災害救援活動の効率化はその準備状況に大きく依存します.それゆえ,より効率的な資源活用をしつつ,十分な備えのある計画を行えれば救援できる人命を増やせます.将来の災害へ備えるために,人道援助ロジスティクスの特徴を理解する必要があります.人道援助ロジスティクスを複雑にする要因は,1)多数の異種関係者(被害者,NGO,政府機関,民間セクター,個人支援者),2)救援活動の異なる段階,3)個別の支援要求(物資,人的支援を含む)の3点と言えます.このすべての複雑な要因は,より効率的で,より早く,より信頼性が高い支援をするためには,費用を度外視してでも,人道援助ロジスティクスの計画・運用全体の考慮に入れなければなりません.

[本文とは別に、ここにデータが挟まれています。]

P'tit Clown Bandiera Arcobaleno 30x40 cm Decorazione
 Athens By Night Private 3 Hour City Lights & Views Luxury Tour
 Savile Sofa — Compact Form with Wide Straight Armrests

人道援助ロジスティクスの分野に携わる者は関係者間の協力の欠如を問題視します.被災者に物資やサービスを提供する支援者(政府や非政府組織,物流会社や個人支援者を含む)は,被災者に真に有用な物資を,必要なときに,必要な量だけ,必要な場所に提供しなければなりません.そのために,政府と非政府機関は,提供する支援の重複を避けるために調整する必要があります.そのとき,物流会社(車両,機械,訓練を受けたスタッフなど)の持つ多くの物流支援の仕組みは非常に有用で,救援活動が非常に向上します.

効率的で機能的な人道援助ロジスティクスの実現には,全ての関係者の深い関与や調整が重要になります.